Company – Why Dataguise
Most customers in regulatory markets are already utilizing existing Hadoop security capabilities around authentication access control (Kerberos), file system and network isolation and segmentation (ACLs and network Firewalls), file or volume encryption, as well as activity monitoring (logging, auditing, and data lineage). By operating specifically at the sensitive data element level (locking IDs or names, for instance), Dataguise can fit and enrich existing systems in a simple, non-blocking manner.

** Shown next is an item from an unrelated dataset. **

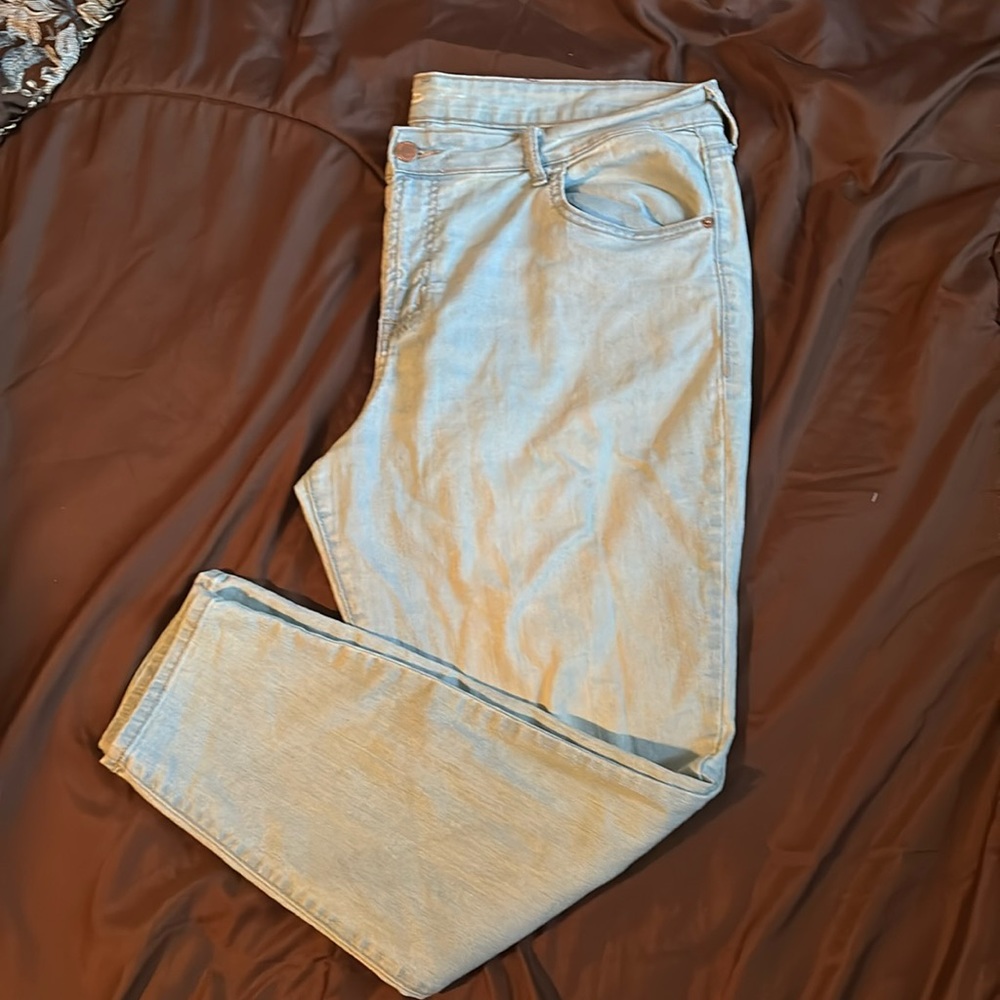 Light wash jeans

Businesses are rapidly adding new data sources to Hadoop analytics; these sources can include logging data, clickstream data, customer feedback and sentiment data. Increasingly, the net result is that all this new data going into Hadoop is “gray” – harder to retain or maintain structure, harder to cleanse, harder to determine the location and amount of sensitive data. A sensitive data discovery service helps organizations bring context and protection to this new, co-mingled, raw, noisy data being utilized in Hadoop.
The process begins with the definition of a security policy. Organizations select which sensitive elements they need to discover. The rest of the process is automated. Through agents for data ingest (Flume, Sqoop, FTP) as well as agents for at-rest data (HDFS, HIVE, PIG), the Dataguise discovery service analyzes all data and filters and counts sensitive data elements for .txt, csv, logging, AVRO, SequenceFile, as well as common unstructured data formats (Word, Excel, Powerpoint, SMS, Email).
Our encrypt engine runs as an automated process (“agent”) for these data loaders (FTP, FLUME, SQOOP). We also support native field and row encryption inside an HDFS encryption agent. More generically, we have a JAR for invoking encryption and decryption and have built decryption UDFs for Pig, HIVE, and MapReduce.
Dataguise is certified on all three major Hadoop distributions: Cloudera, Hortonworks and MapR. In addition, downloadable Sandbox trials are available on both the Hortonworks and MapR partner websites.Dataguise has production Hadoop customers also using DgSecure for Hadoop with: (Apache Hadoop, Amazon Elastic MapReduce, Pivotal HD).